In its May 7 editorial “US sanctions against Venezuela could break the nation’s free fall,” the Washington Post recommended that the U.S. government impose targeted sanctions against Venezuela as a way to get the Maduro government to agree to reforms. However, an understanding of Venezuelan political dynamics would suggest that this kind of “pressure” would have the opposite effect.
Venezuela has been engulfed in significant street protests now for three months. While these protests started as small scale demonstrations against crime and inflation, government repression in mid-February threw fuel on the fire and generated a wave of daily mobilizations.
The protests have dwindled over the past month not because of repression but because the government and opposition have been engaged in the most significant dialogues between opposing sides in ten years. While this does not satisfy opposition hardliners, the more moderate supporters of the protests have decided to wait and see. The protest movement has also been affected by polls which show that while two thirds the population support the protests, two thirds also reject the violent “guarimba” tactics that many protesters have used.
We do not actually know if the government “has conceded little” as the editorial claims.
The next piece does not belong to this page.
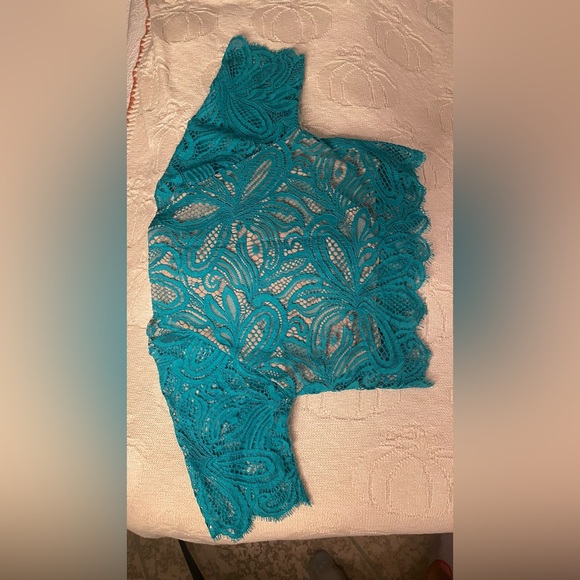 For love and lemons for Nasty gal tropical blue lace naked style mesh crop top - Picture 5 of 5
The talks have been taking place behind closed doors. We do know that participants on both sides are optimistic that progress is being made.
These dialogues have been sponsored by the Union of South American Nations (UNASUR), as a follow-up to the visit of UNASUR foreign ministers in early March. Indeed the most important protagonist has been U.S. ally Colombia.
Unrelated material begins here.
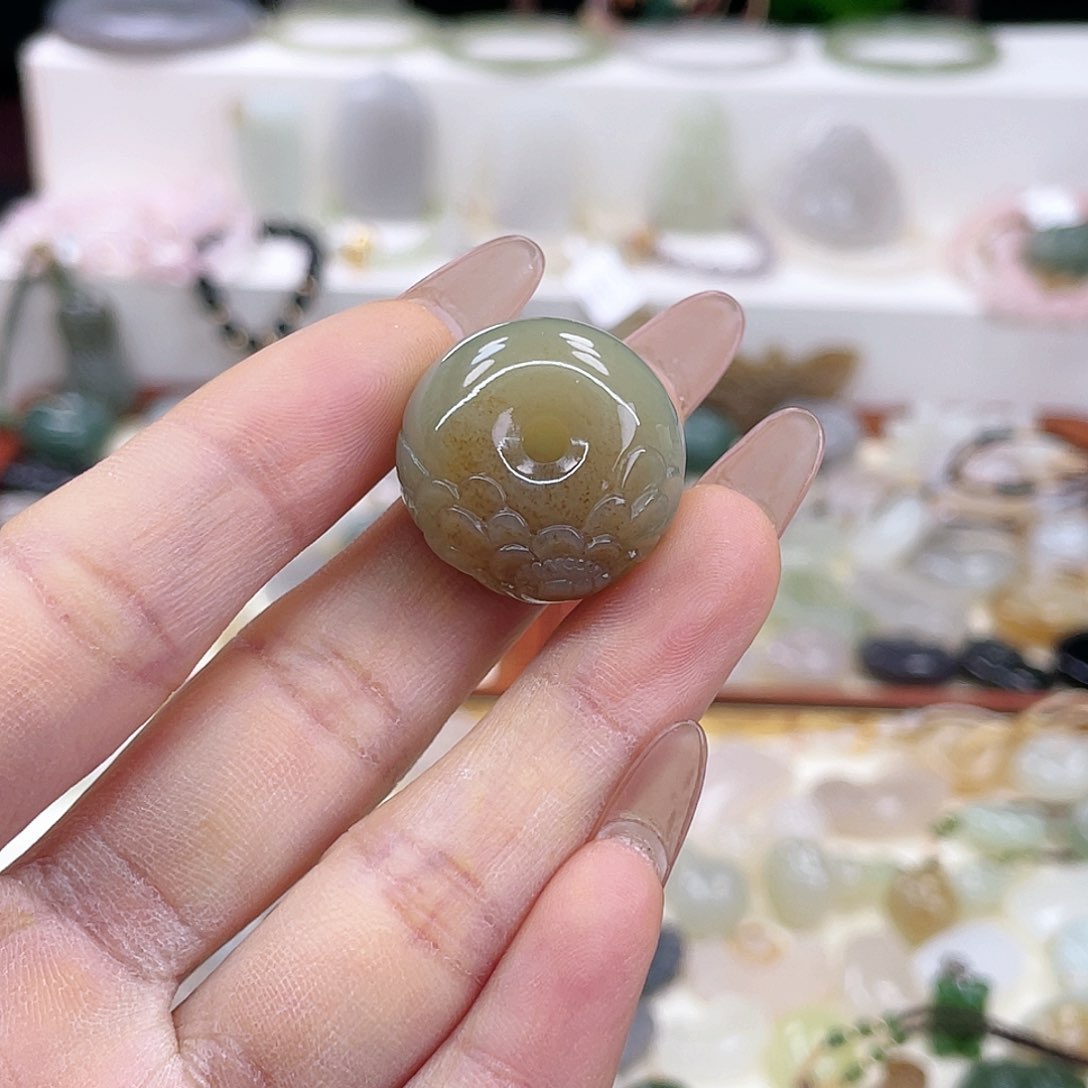 【闪购商品】和田玉吊坠(赠链)未镶嵌双**子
If the U.S. government applies sanctions it would not provide “useful leverage,” as the Post argues. Rather it would short circuit the dialogue process that is now underway. It would rally Chavista hardliners and prevent government officials from making important concessions. Worse yet, it would disarm UNASUR’s ability to keep the Maduro government at the table.
The idea of “pressure” is too simple for the United States’ complex role in the world. To have a positive role in the region, U.S. foreign policy would do well to move to a model of smart engagement.